In a half-hour video posted on The National’s official YouTube channel, Berninger sits down for a candid discussion with veteran interviewer and talk show host David Letterman. In it, he opens up about his battle with depression and reveals that the lockdown and ensuing period led to the new record.
Notably, The National surprised everyone with their tenth album, Laugh Track, in September, which followed April’s critically acclaimed First Two Pages of Frankenstein. The group announced their latest studio effort during a hometown show in Cincinnati, and it arrived just three days later.
Berninger tells Letterman that the friction between maintaining a public persona and a quiet private life became a struggle for him. “I wasn’t writing at all, but [the band] kept sending music,” he said. “I don’t think they realised quite how debilitated I was. I didn’t really tell them how bad I was.”
He continued: “I’ve known that it’s a part of me, and that it comes and goes, and I know that it’s a healthy thing to make something out of it.”
The frontman then detailed the struggle of “having to kind of turn on a personality for an intense few hours” on stage, “and then turn it off, and then try to get some sleep and then the next day, turn it on, turn it off.”

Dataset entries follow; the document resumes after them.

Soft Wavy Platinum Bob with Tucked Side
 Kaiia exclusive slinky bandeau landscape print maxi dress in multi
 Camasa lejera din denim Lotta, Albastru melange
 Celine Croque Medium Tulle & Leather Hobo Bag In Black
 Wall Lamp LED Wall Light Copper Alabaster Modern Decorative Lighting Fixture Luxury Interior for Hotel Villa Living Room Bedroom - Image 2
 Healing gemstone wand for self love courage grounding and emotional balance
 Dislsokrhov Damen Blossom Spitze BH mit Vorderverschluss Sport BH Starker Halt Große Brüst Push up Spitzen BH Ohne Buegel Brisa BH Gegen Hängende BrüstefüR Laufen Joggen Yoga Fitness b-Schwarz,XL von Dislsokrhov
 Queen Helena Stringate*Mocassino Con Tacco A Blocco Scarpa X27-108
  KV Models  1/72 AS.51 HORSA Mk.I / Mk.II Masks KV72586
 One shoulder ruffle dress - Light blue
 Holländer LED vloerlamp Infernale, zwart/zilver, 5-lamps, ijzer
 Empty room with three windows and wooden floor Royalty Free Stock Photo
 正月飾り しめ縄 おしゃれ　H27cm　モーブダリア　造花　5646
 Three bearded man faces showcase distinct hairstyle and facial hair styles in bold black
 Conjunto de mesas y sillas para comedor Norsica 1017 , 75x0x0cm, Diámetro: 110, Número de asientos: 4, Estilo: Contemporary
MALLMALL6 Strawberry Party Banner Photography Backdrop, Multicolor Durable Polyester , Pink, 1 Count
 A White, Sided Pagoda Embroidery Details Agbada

Letterman also expressed empathy for the frontman, noting the challenge of continuing with his famous late-night show could sometimes feel like “holy hell.”
In a three-and-a-half star review of Laugh Track in September, Far Out wrote: “If First Two Pages of Frankenstein symbolised the gradual rebuilding within The National, Laugh Track emerges as the vibrant and exploratory manifestation of that renewed faith, presenting a bold statement of purpose.”
Watch the interview below.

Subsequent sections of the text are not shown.